We Are All Murderers is a film of denunciation.

It is a passionate plea against the death penalty. The director André Cayatte, a journalist and lawyer, had already made some denunciation films, but it was with this one (Special Jury Prize at Cannes) that he gained the deserved recognition.

It is a very well-constructed film, both in terms of writing and dialogues (by Charles Spaak, father of Catherine) and acting. The soundtrack is absent, typical of French films of the era.

There's also Amedeo Nazzari, in the role of the prison doctor, and it is he who, during the trial, launches a precise je accuse towards French law of those times (just after the end of World War II) where the guillotine was still in use.

There was war, therefore, with all its horrors. There was poverty and the deepest hunger hand in hand with total ignorance, and out of hunger one could do anything, from prostituting oneself to killing someone. This is why a young man, dirt poor, without a father, with an alcoholic mother, a prostitute sister, and a younger brother in worse condition than him (note that the young actor is excellent) will end up in jail and be sentenced to the guillotine for murder.

All the short first part with hunger, the war, corpses to be disposed of, the resistance and the murders is extraordinary, but it's when the boy is arrested that the film truly begins... A condemned to death.

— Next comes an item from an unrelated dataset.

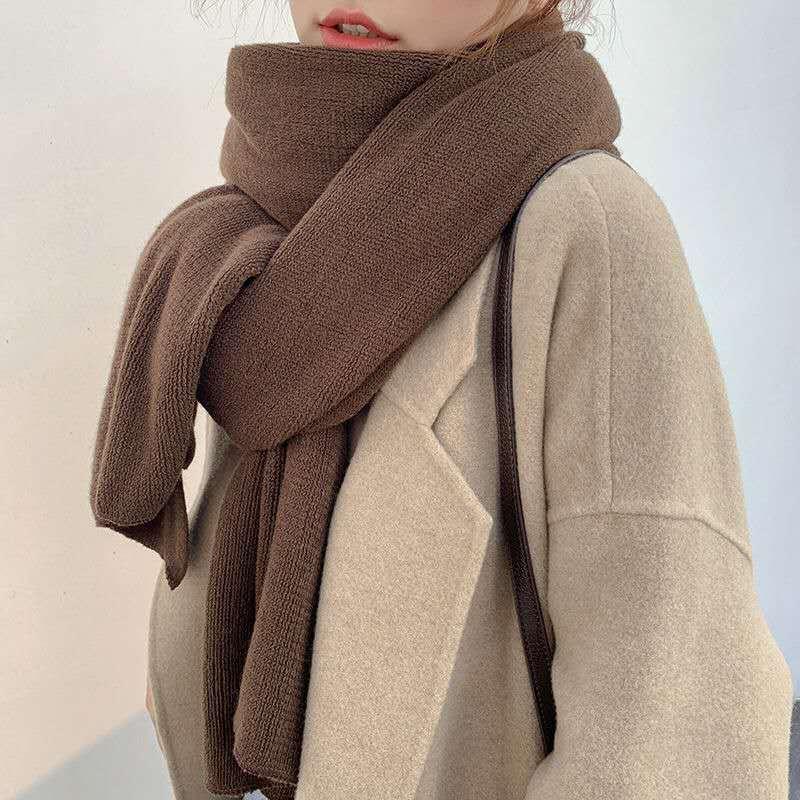 Pure Color Knitted Wool Scarf Women Autumn And Winter - melvincucci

In a cell with other death row inmates like him, all terrified, waiting for the call. They come at night without making a sound... it's when you hear no noise that you are in danger; they can come at any moment...

Condemned to death enclosed in an isolated cell away from all other detainees. Faced with the grievances of the opponents of the atrocious guillotine (the death penalty in France would be abolished only in 1981), the response was to "set an example" (so you'd "learn your lesson" as they'd say from where I come from) or to "teach a lesson."

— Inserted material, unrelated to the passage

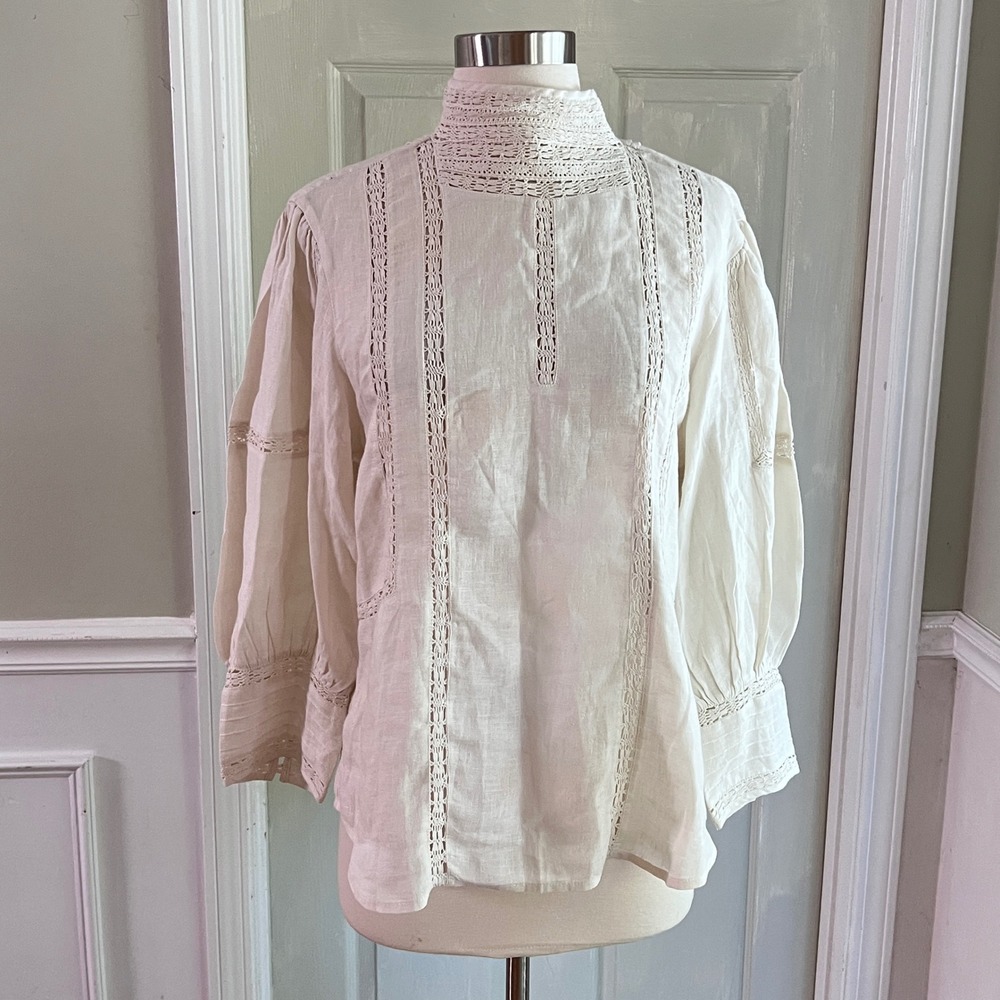 Polo Vintage Victorian Blouse L Women Crochet Lace Pintuck Cotton Ivory Boho Top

The topic is more complex than it seems if we add potential judicial errors and if we do not take into account the social or psychological distress that leads some individuals to kill others only to then be killed themselves... The film also criticizes the church, indeed, because at the point of death the priest would give you the last kind-hearted sermon (repent? come on, repent, kiss the crucifix, do be good).

Are we all murderers then? Who knows... today it's trendy to say JE SUIS "something," but that's another story (maybe).